- #1
Aryth
- 8
- 0
Homework Statement
Four particles form a square. The charges are [tex]q_1 = q_4 = Q[/tex] and [tex]q_2 = q_3 = q[/tex].
(a) What is [tex]\frac Qq[/tex] if the net electrostatic force on particles 1 and 4 is zero?
(b) Is there any value of q that makes the net electrostatic force on each of the four particles 0? Explain.
The particles are arranged as such:
1 2
3 4
All separated by a distance a, the axes are drawn as standard up = +y and right = +x.
Homework Equations
[tex]F_E = k\frac{q_1 q_2}{r^2}[/tex]
The Attempt at a Solution
(The way I solve for Force, I say that the force from 2 to 1 as [tex]F_21[/tex])
First I find the net force on particle 1:
[tex]\sum F_1 = F_{21} + F_{31} + F_{41}[/tex]
[tex]= k\frac{qQ}{a^2} + k\frac{qQ}{a^2} + k\frac{Q^2}{(a\sqrt{2})^2}[/tex]
[tex]= 2k\frac{qQ}{a^2} + k\frac{Q^2}{2a^2}[/tex]

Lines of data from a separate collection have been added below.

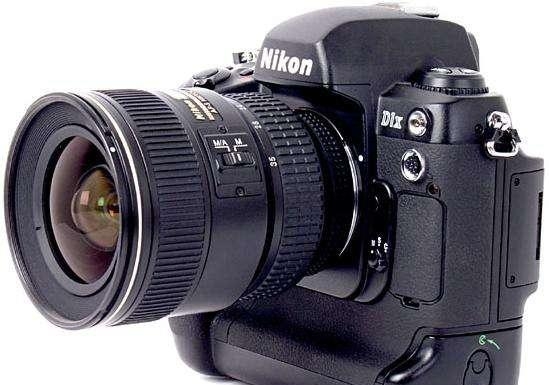 明星拍照用什么相机(明星都是用什么相机拍的) 明星 第10张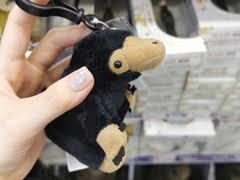 -玩具反斗城(海港城店)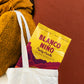Meaty Asado Tortilla Chips von Blanco Niño kaufen – rauchige BBQ-Chips mit Limette. Aus nixtamalisiertem Mais, extra knusprig und perfekt für Dips, Tacos & Snackmomente.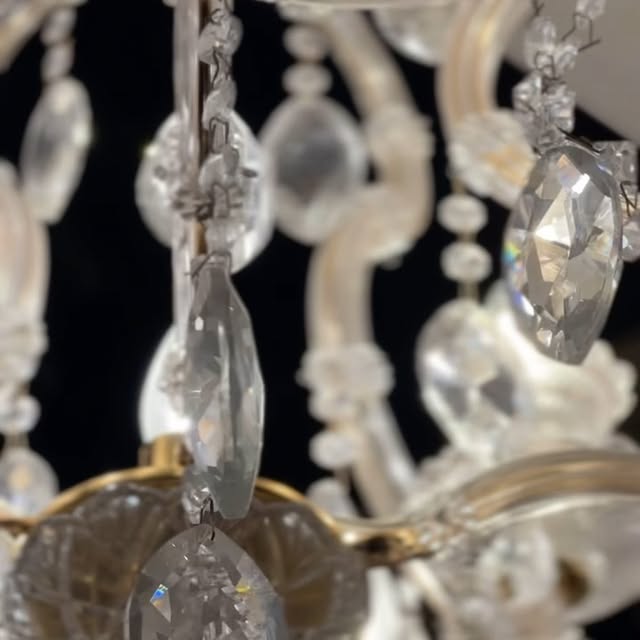 Post by safaayunsofficial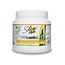 SILICON MIX Nutritive Bambu Hair Treatment 1020 gr.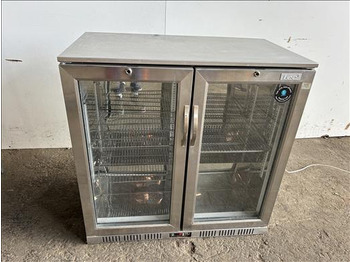 Пищевое оборудование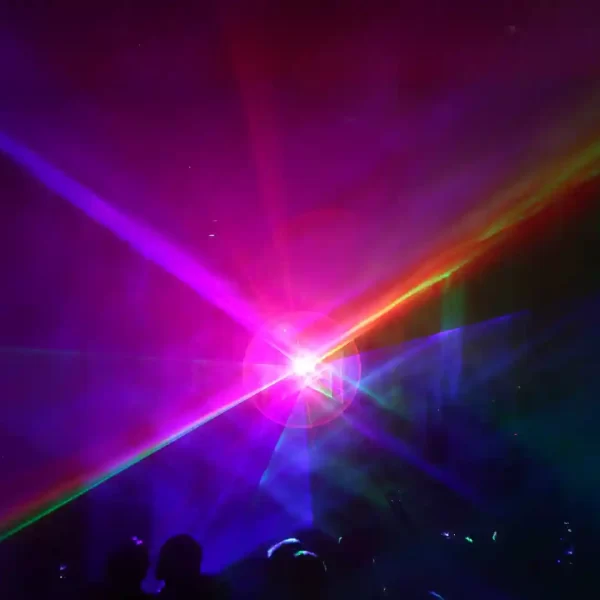 7-TR-BYPASS_73_11zon
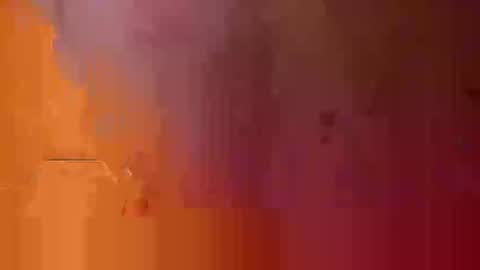 Snapshot of calitime760 chatting on 14, 9, 2025 calitime760 online show from 14, 9, 2025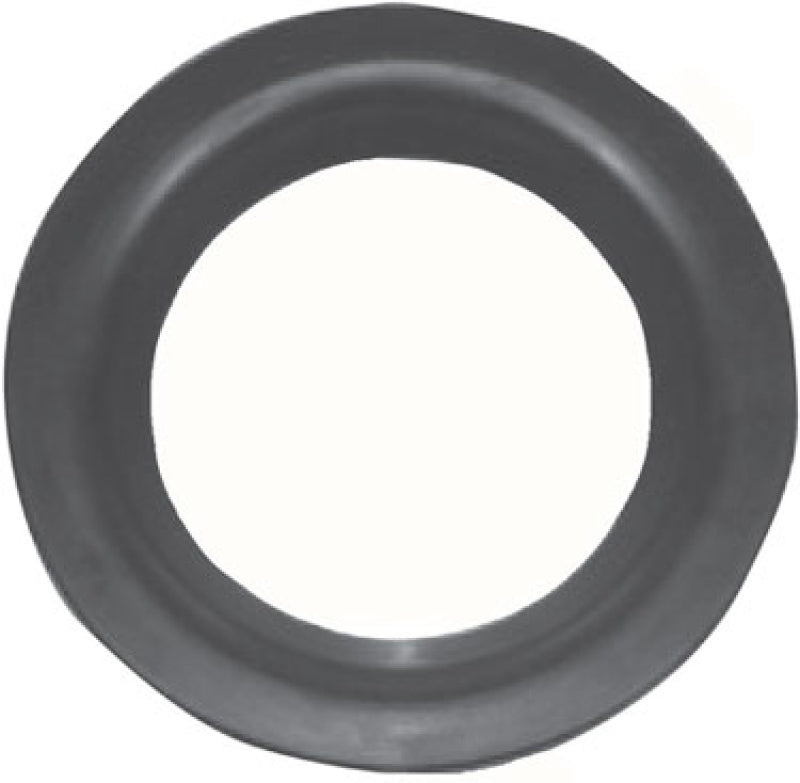 KYB Shocks & Struts Strut Mounts Front BUICK Allure 2005-08 BUICK Century 1997-05 BUICK LaCrosse 200 - awdtuningtx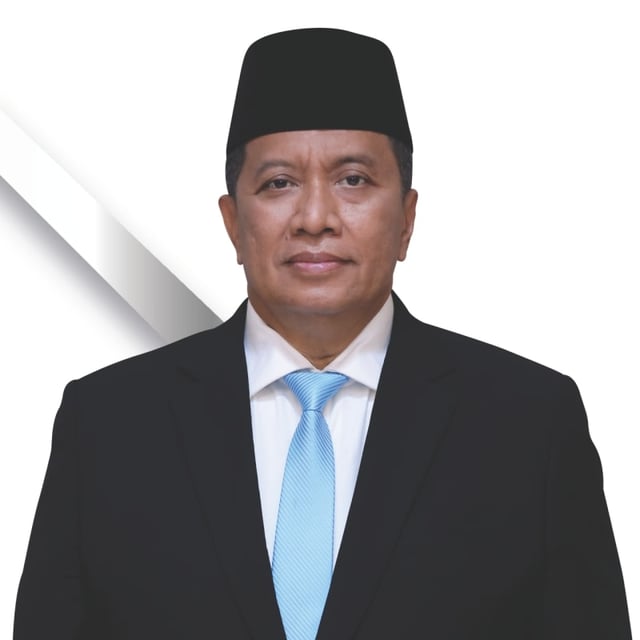 Purwadi Arianto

[tex]= 2k\frac{2qQ + Q^2}{2a^2}[/tex]
[tex] = k\frac{2qQ + Q^2}{a^2}[/tex]
I determined that the net force on 4 must be the same, so the net force on Q is then:
[tex]\sum F_Q = 2k\frac{2qQ + Q^2}{a^2} = 0[/tex]

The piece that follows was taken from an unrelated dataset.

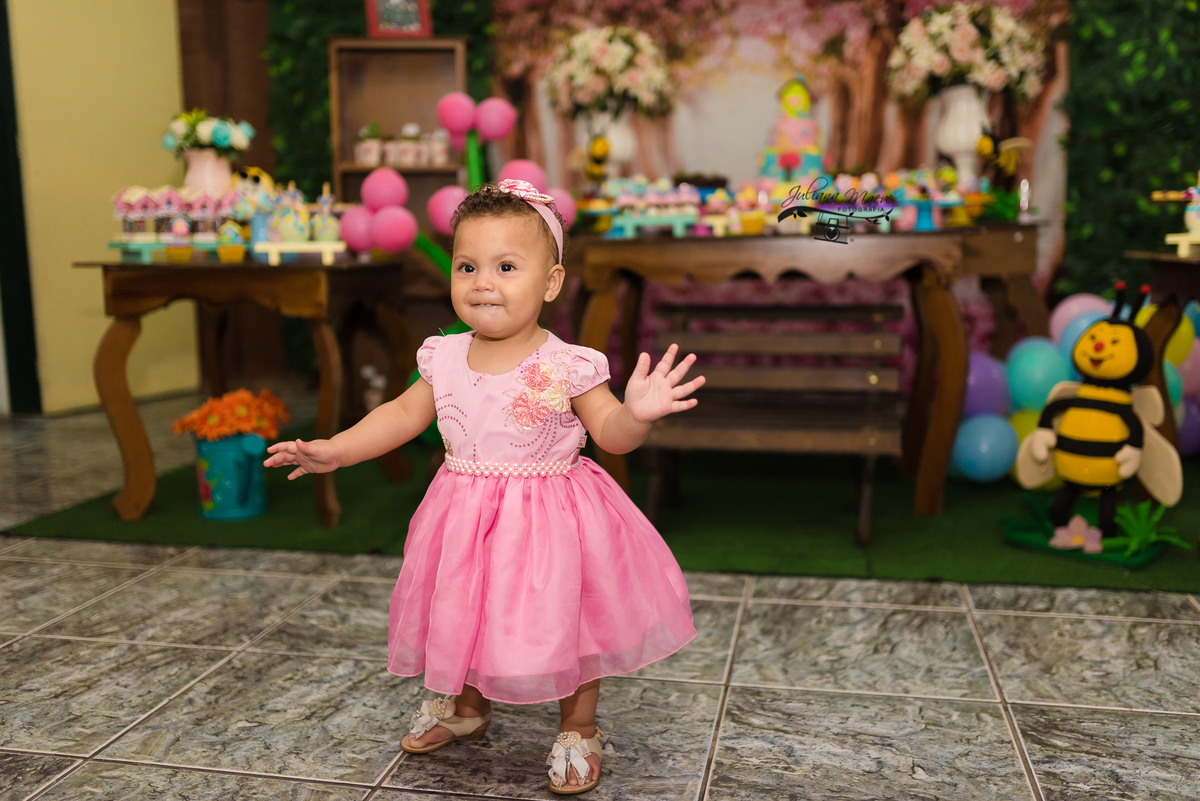 Aniversario  Infantil ouro preto, Juliana Maeve, Juliana maeve Fotografia, Fotografa de Aniversario em ouro preto, Fotografa Infantil Ouro Preto, Fotografa de bebes em Ouro Preto, Aniversario de criança em ouro Preto, fotografa de familia em ouro preto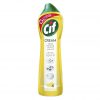 Cif Cream Lemon for sale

[tex]= \frac{2k}{a^2}(2qQ + Q^2) = 0[/tex]
I determined that [tex](2qQ + Q^2)[/tex] must be 0, so:
[tex]2qQ + Q^2 = 0[/tex]
[tex]Q^2 = -2qQ[/tex]
[tex]Q = -2q[/tex]
[tex]\frac Qq = -2.0[/tex]
Is that right? I don't even know how to do part b and I know I forgot something in part a that is important... Which is exactly why I'm here asking for help.